In Knox County the school system was 40 drivers short as of Wednesday, which was nearly 12 percent of its work force. Dillingham told WVLT News that shortage means changes, including different plans for nearly every route.

Finding a spare driver or bus is the first option. Another is finding a bus that can take two trips or dividing up routes. He said the option they use depends on the day.

“We’ve lost 20 percent of our drivers over the past two years and that necessitates having to double up the routes,” said Wilner.

This can cause drivers to run a route twice or have busses at or near capacity.

But there are solutions.

“We’re just try to recruit all the time, I mean that’s a year round process,” Johnston said.

Sevier County Schools has published ads in its local newspaper and placed some of their school busses in prominent places around Sevier County with “Bus Drivers Needed” signs.

Another solution, specifically for Knox County Schools, is a free training program for Transportation U.

Leaders started this a few years ago and have full-time instructors to teach anyone with no experience in driving a commercial vehicle.

Over the course of a month, they get licensed with all the certifications needed to drive a school bus.
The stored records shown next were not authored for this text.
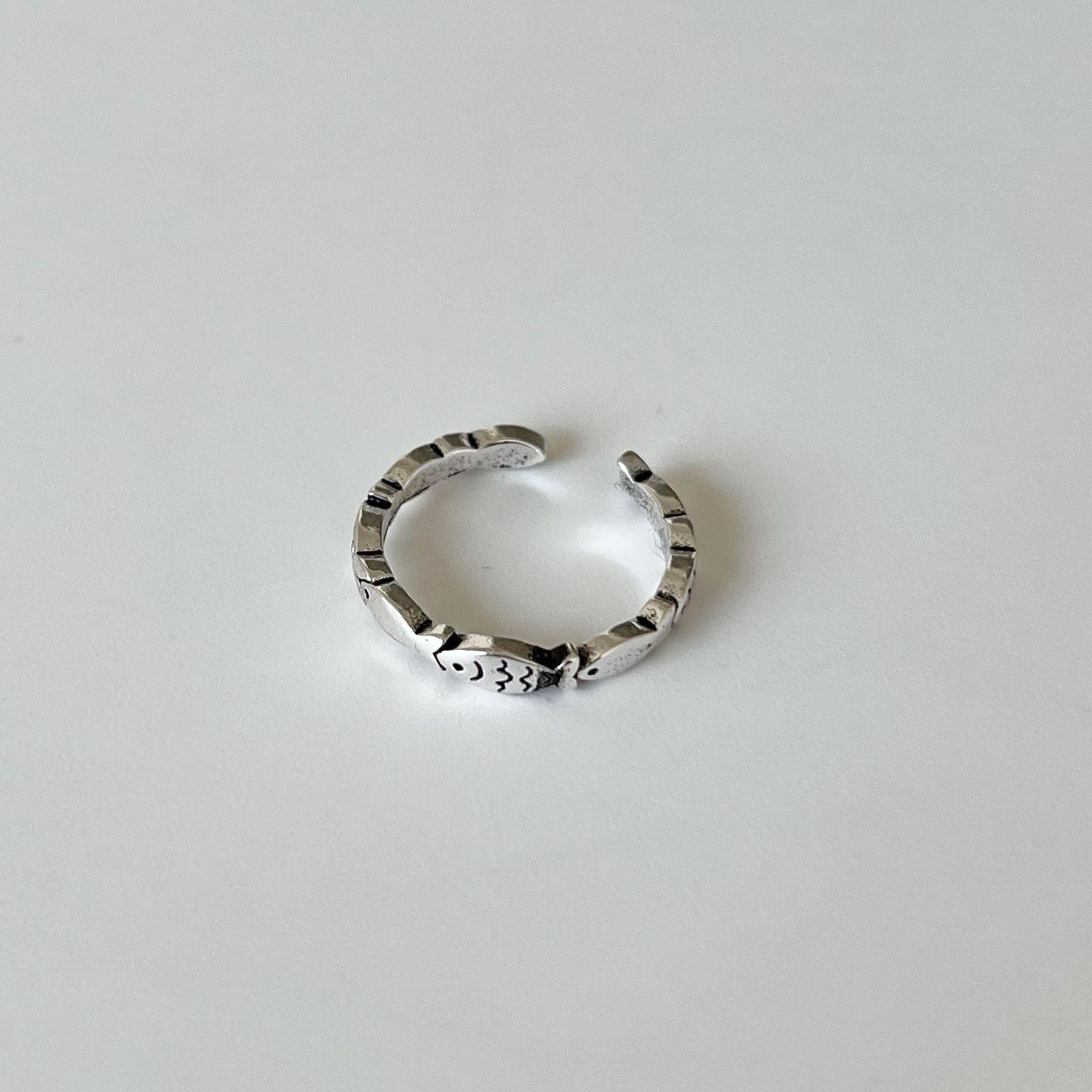 

Ретро Минималистичное Кольцо из Тайского Серебра с Рыбкой, Женское Регулируемое Модное Заявление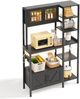 Küchenregal mit USB-Anschluss, LED-Leiste & Glastüren, 115x40x180 cm, Schwarz Bild 5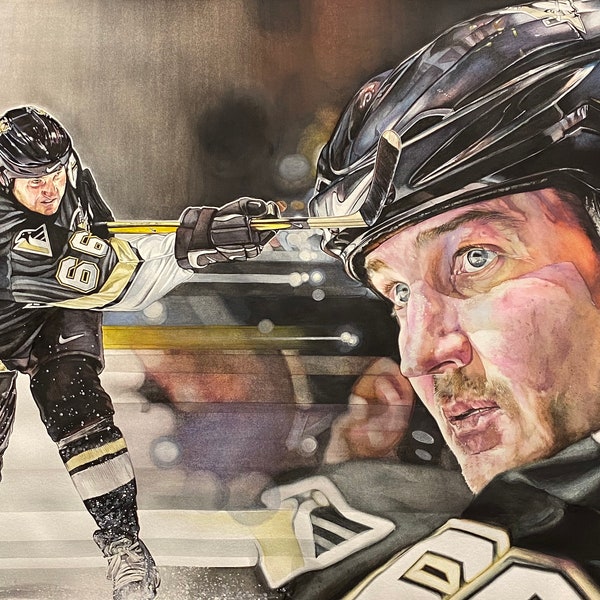 Super Mario/ hockey art/ art /sports art /sports/ Mario Lemieux / Pittsburgh penguins / prints/ watercolour art/ Kieran Hassey art/ NHL/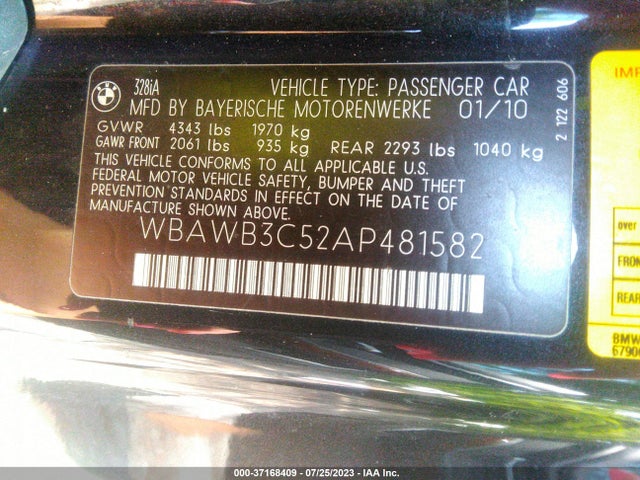2010 BMW 3 SERIES 328I VIN: WBAWB3C52AP481582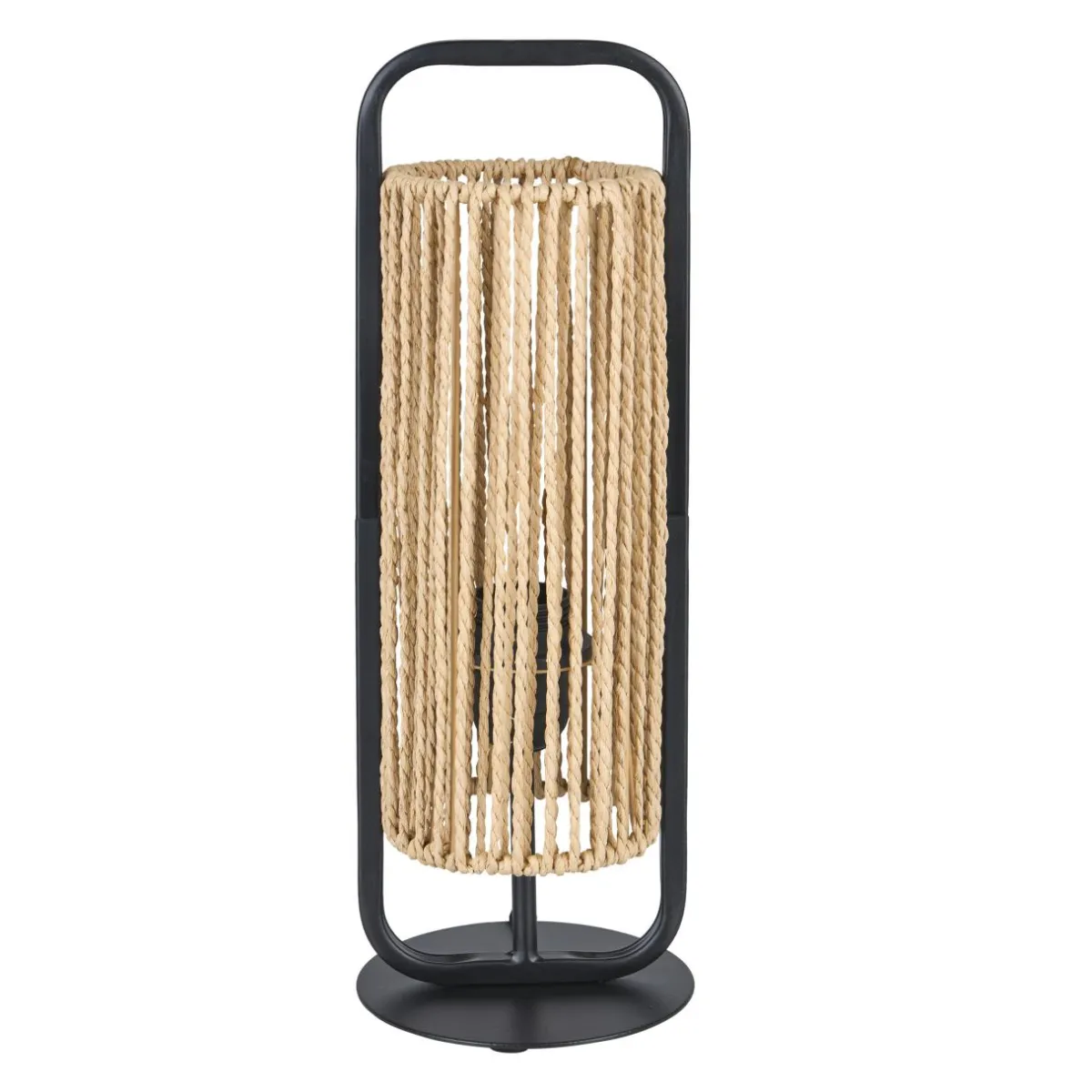 OSTARIA Lampe à poser en Corde et Métal (H37 cm) Tanzanie et beige Noir Sale
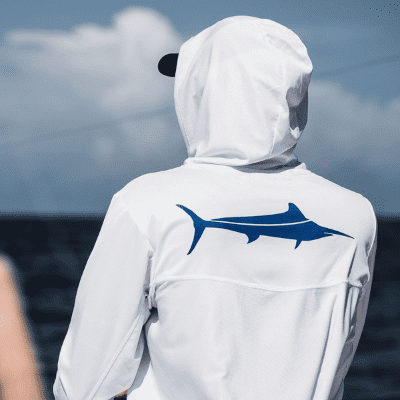BILLFISH White Marlin Hooded Long Sleeve/White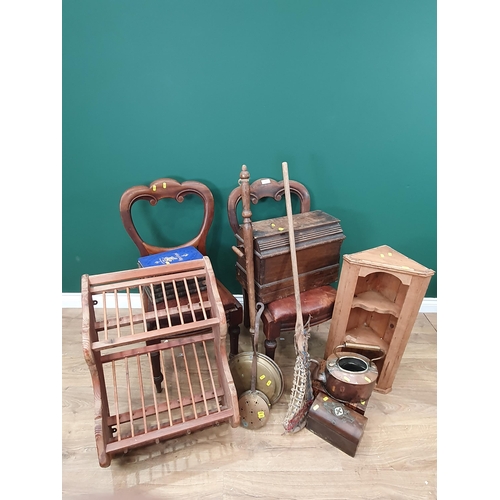 597 - A pair of mahogany Balloon back Chairs with drop in seats, a pine old penny Plate Rack, a set of sma... 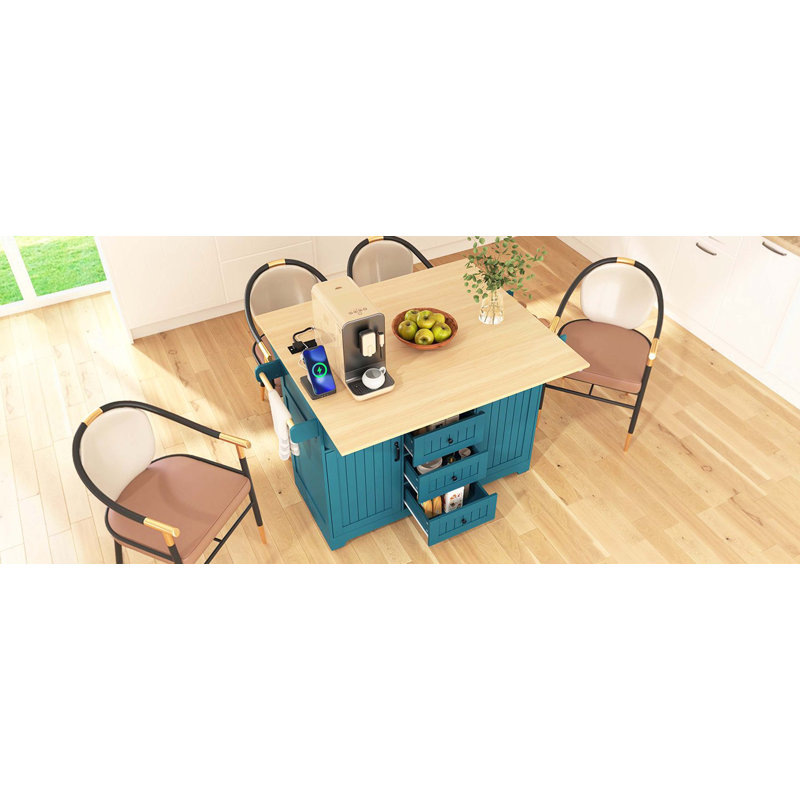 Spacieux chariot à îlot de cuisine sur roulettes avec double abattants pliables et prise de courant intégrée, station de préparation de repas mobile et pliante avec supports à épices et à serviettes et trois tiroirs de rangement pour la cuisine et la salle à manger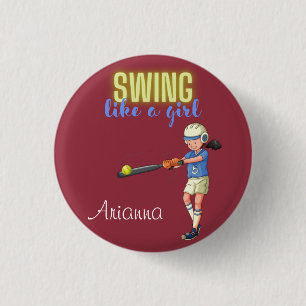 Swing Like A Girl Softball 3 Cm Round Badge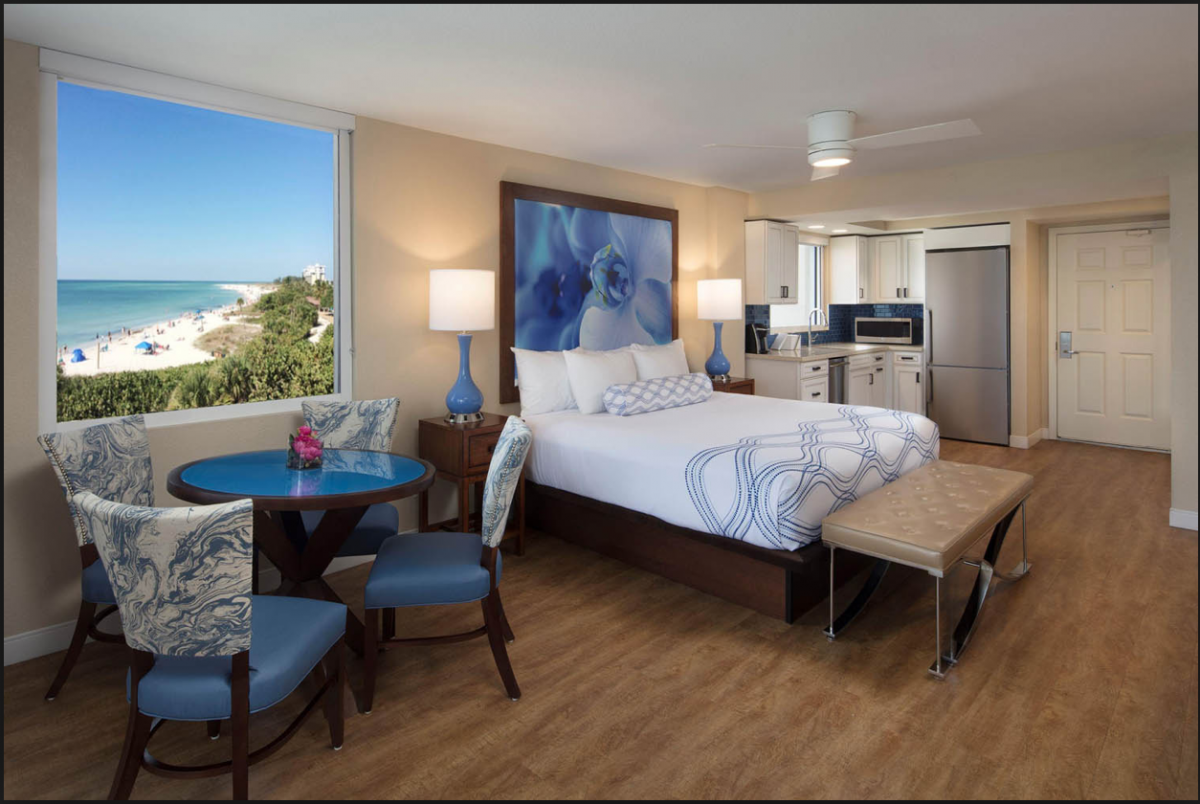 With gorgeous beachfront views, large beds and luxurious kitchen facilities, the rooms at the Lido Beach Resort may seem more like beachfront apartment than anything else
This fall they had full classes for the last four months and brought on 45 new drivers.

Some teachers drive busses in Jefferson County as well.

In both Jefferson and Sevier Counties, they’re offering bonuses if drivers have a semester of perfect attendance.

Long term thought, Wilner thinks in the next few years, there may be bus stop consolidation where kids are meeting at a common location instead of at the end of their driveway.